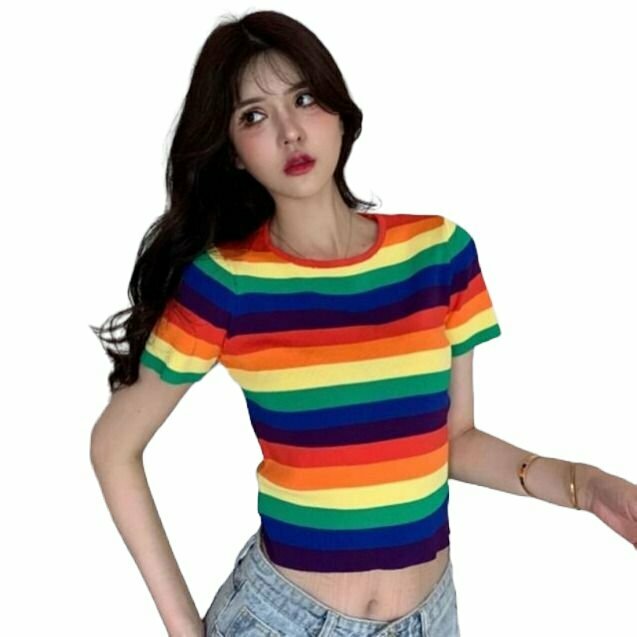 Y2K Rainbow Striped Crop Top - 90s Grunge, Retro Summer, Pastel Goth, Hip Hop Fashion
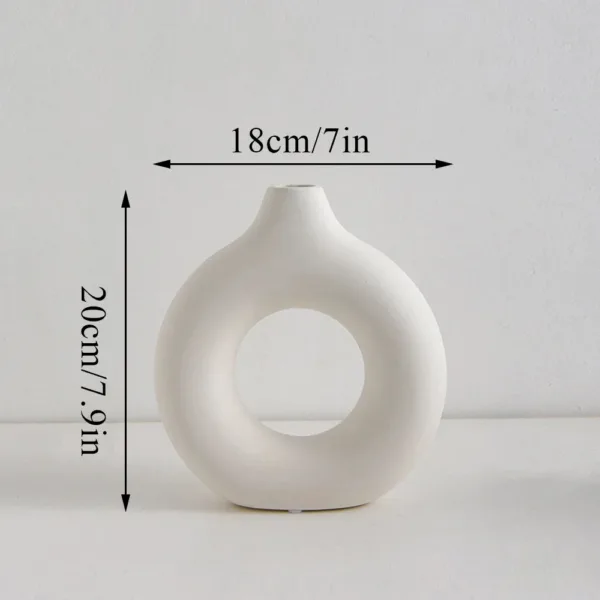 Plastic Circle Vase Donut Shape Living Room Decoration Dry Flower Vase Nordic Style Home Decor Furnishings Vase Room Decor - Image 2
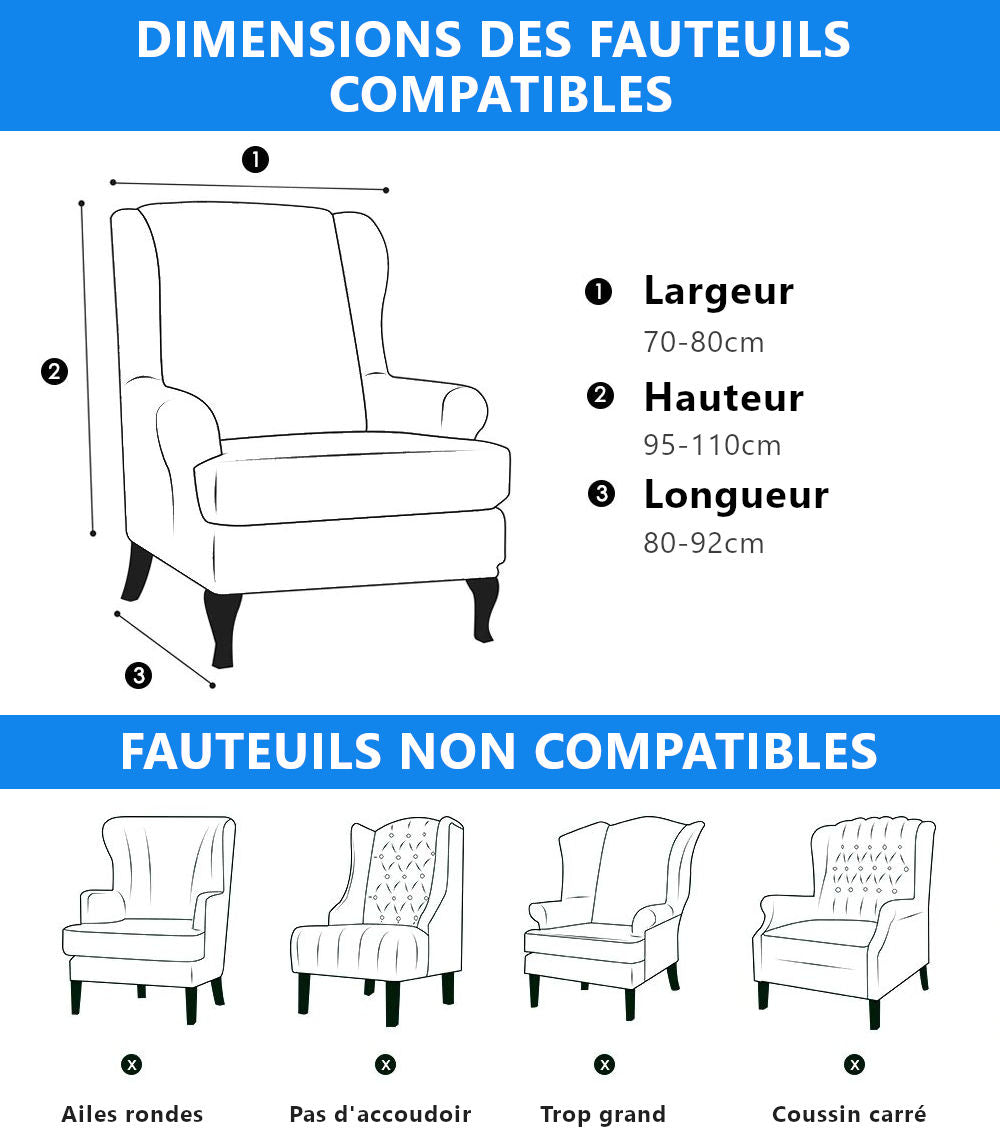 dimensions compatibles fauteuil wingback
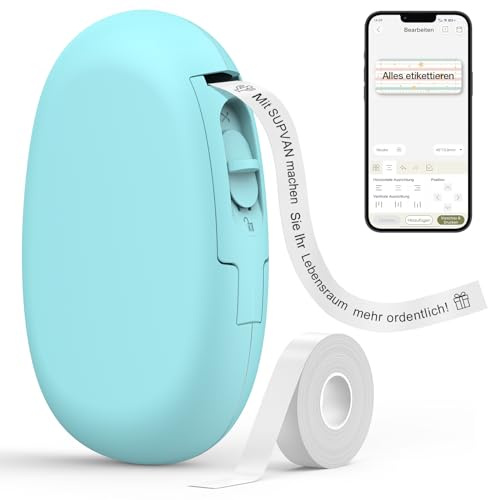 SUPVAN E10 Etikettendrucker mit Bluetooth und Endlosetiketten, azurblau | Tragbar, multifunktional, für iOS/Android, 1 Rolle wasserfeste Etiketten 15 mm x 6 m, für Zuhause, Schule und Büro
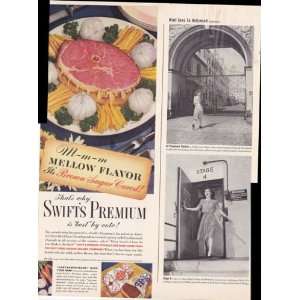  Swifts Premium Brown Sugar Cured Ham 1942 Original Vintage 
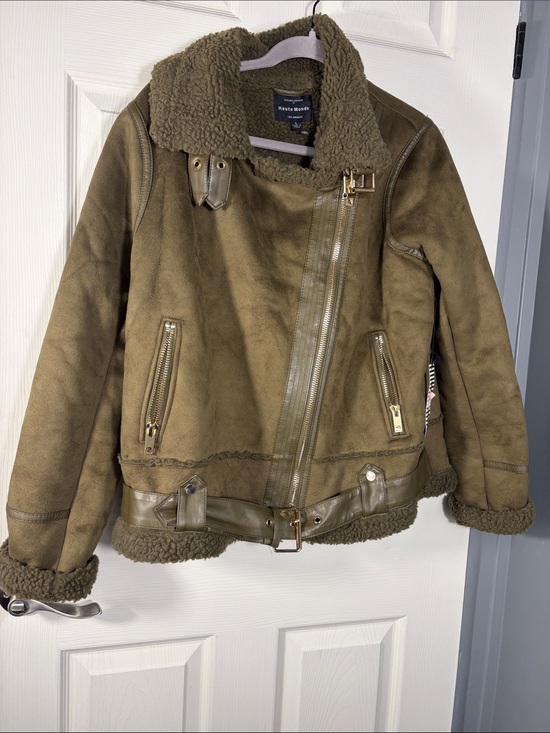 Haute Monde Jackets & Blazers - Haute Monde Olive Green Shearling-Lined Aviator Jacket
- - -
THE PROBLEM
A verbatim reproduction of each entry is expected, with every picture omitted.

EXERCISE RESULT
 Y2K Rainbow Striped Crop Top - 90s Grunge, Retro Summer, Pastel Goth, Hip Hop Fashion
 Plastic Circle Vase Donut Shape Living Room Decoration Dry Flower Vase Nordic Style Home Decor Furnishings Vase Room Decor - Image 2
 dimensions compatibles fauteuil wingback
 SUPVAN E10 Etikettendrucker mit Bluetooth und Endlosetiketten, azurblau | Tragbar, multifunktional, für iOS/Android, 1 Rolle wasserfeste Etiketten 15 mm x 6 m, für Zuhause, Schule und Büro
  Swifts Premium Brown Sugar Cured Ham 1942 Original Vintage 
 Haute Monde Jackets & Blazers - Haute Monde Olive Green Shearling-Lined Aviator Jacket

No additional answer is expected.